Baidu closed 2025 with a bruising set of results that underscore how perilous its pivot to artificial intelligence has become. Full-year revenue slipped to ¥129.1 billion, down 3% year-on-year, while attributable net profit plunged 76% to ¥5.6 billion after a one-off ¥16.2 billion impairment tied to outdated compute infrastructure. Management framed the write-down as a necessary purge to refocus the company on frontier AI capacity, but the move exposed how quickly the old cash engine — search advertising — is eroding.
The company’s once-reliable online marketing business weakened sharply throughout the year, with sequentially worsening declines in advertising revenue (from -6% in Q1 to -18% in Q3). Baidu even declined to disclose a standalone figure for Q4 online marketing revenue — the first such omission in its listed history — signaling how sensitive the ad trajectory has become to the structural shifts in user behaviour.
Search itself is under structural assault. Increasingly, Chinese users turn to social platforms and large-language-model-powered services for answers rather than classic blue-link results. Market researcher QuestMobile ranks Baidu’s media influence at ninth place as of June 2025, trailing the likes of Douyin, Taobao, WeChat, Kuaishou and Xiaohongshu, a stark illustration of how traffic and attention have migrated.
Baidu’s response has been to “all in” on AI. Founder Robin Li has publicly framed search as the company’s first product to be rebuilt around generative AI: by October 2025 roughly 70% of Baidu’s mobile search result pages included AI-generated content, offering users rich-media answers but also reducing the inventory and visibility for traditional search ads. Analysts warned that an increasing share of AI-generated results will compress search ad exposure and therefore hard-to-replace revenue.
The AI business is growing but has not yet filled the gap. Baidu’s AI-new-business segment generated ¥40.0 billion in 2025, up 48% year-on-year, and accounted for about 43% of core revenue in Q4. Still, the fourth-quarter breakdown — approximately ¥5.8 billion from cloud infrastructure, ¥2.7 billion from AI applications and ¥2.7 billion from AI-native marketing — shows that consumer-facing AI applications are not yet a reliable “household earner.” Meanwhile a flood of rivals, from ByteDance and Alibaba to niche AI app makers like Qianwen, Doubao, Kimi and Yuanbao, are aggressively contesting user attention.
Investors reacted coolly. Baidu’s American depositary receipts tumbled as much as 7.1% on the day results were released, though the stock retraced some losses in subsequent trading; market capitalisation stood at about $42.8 billion at the end of February. There were, however, glimmers of operational improvement: Q4 revenue rose to ¥32.74 billion and the quarter returned to profitability, with operating and free cash flow both turning positive (free cash flow of ¥637 million and H2 operating cash flow of ¥3.9 billion).
The single largest drag on 2025’s results was a decisive asset clearance. In Q3 Baidu took a ¥16.2 billion impairment on legacy infrastructure judged unable to meet modern AI compute efficiency, producing a quarterly loss of ¥11.2 billion and sharply depressing annual profit. Management presented the charge as a strategic reset: shedding obsolete assets to “lighten the load” and reallocate capital to AI-native compute.
Cost rationalisation extended to staff. Baidu’s core business headcount fell to about 29,000 by year-end, a reduction of roughly 3,100 employees since Q3, with severance payments of about ¥700 million. At the same time, the company disclosed that cumulative AI investment since 2023 exceeded ¥100 billion and pledged to sustain that investment intensity even as it trimmed research-and-development expenditure — R&D spending declined 8% in 2025 to ¥20.4 billion.

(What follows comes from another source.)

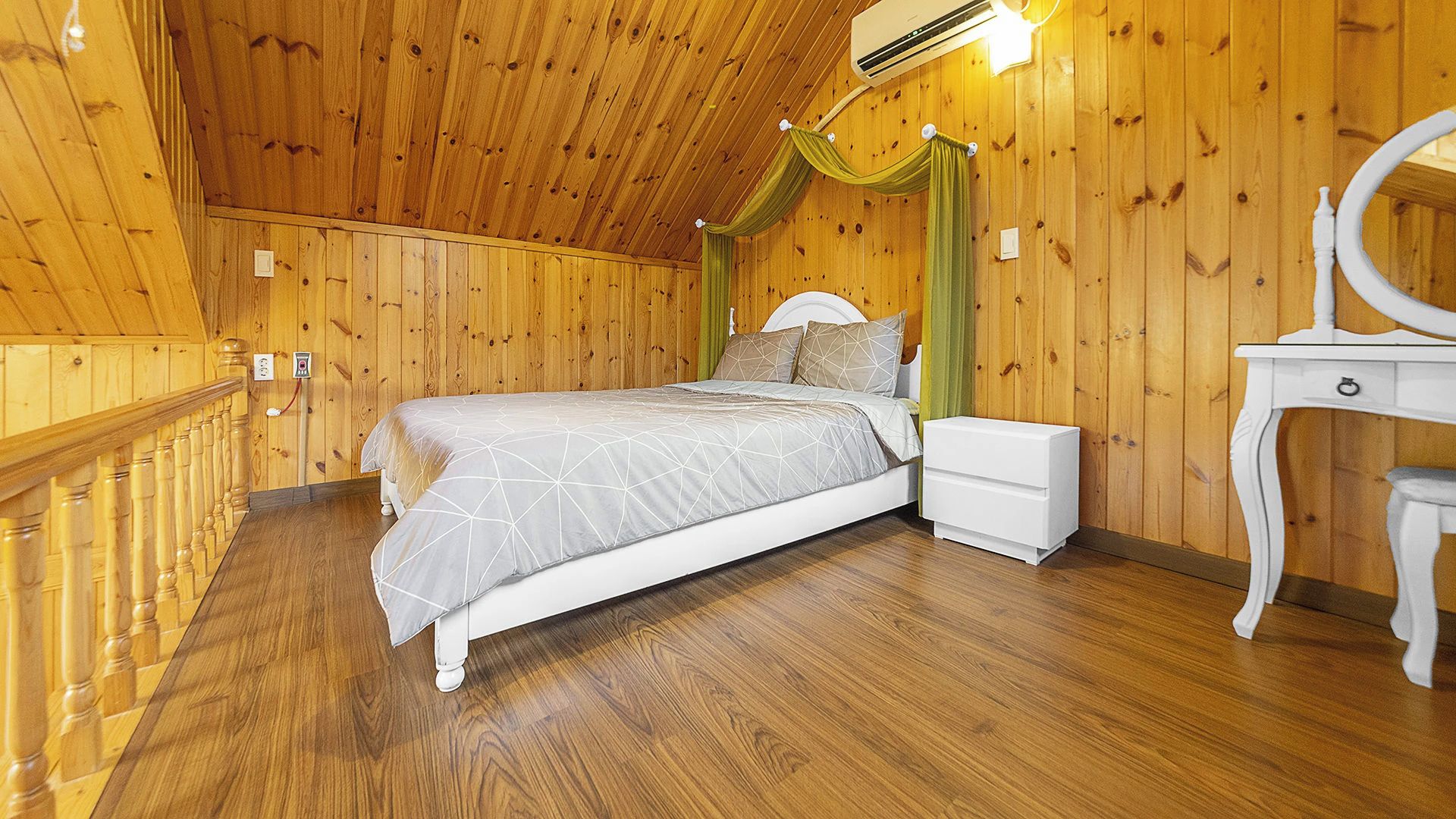 A bedroom with a wooden ceiling, a bed with a canopy, a nightstand, a dresser, and a mirror.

The strategic stakes are high. Robin Li has tightened his grip on AI development, reorganising the technical platform to create two model research divisions that report directly to him and signalling that he will personally steer the company’s AI push. Yet Baidu still does not disclose key profitability metrics for its AI units — such as gross or net margins — leaving investors unsure whether the new growth engines can ever match the cash generation of the old search-ad business. The next year will be a test of whether a major incumbent can trade legacy scale for AI relevance without surrendering its commercial foundation.